PROBLEM TO SOLVE:
Once the line with "15 16 Audi Q5" is found in the entries below, print it and each following line exactly, stopping after the line with "Jewelscape KALEIDOSCOPE MEDALLION"; print nothing else.

MATERIAL FOR THE TASK:
--- --- ---
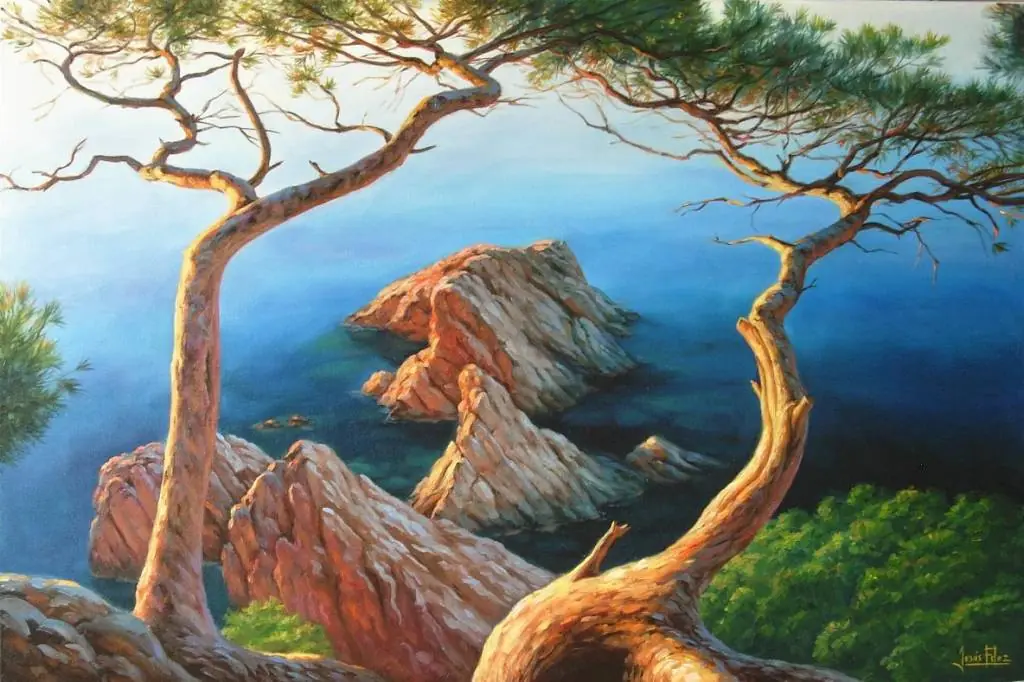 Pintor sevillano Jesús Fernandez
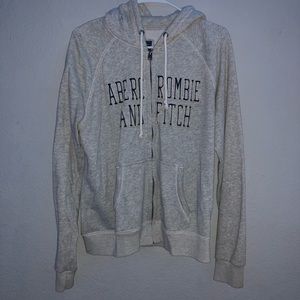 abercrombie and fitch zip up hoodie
--- --- ---
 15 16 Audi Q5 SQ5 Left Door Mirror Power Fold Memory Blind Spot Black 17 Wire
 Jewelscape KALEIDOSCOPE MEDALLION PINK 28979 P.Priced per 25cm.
--- --- ---
EXERCISE RESPONSE:
 15 16 Audi Q5 SQ5 Left Door Mirror Power Fold Memory Blind Spot Black 17 Wire
 Jewelscape KALEIDOSCOPE MEDALLION PINK 28979 P.Priced per 25cm.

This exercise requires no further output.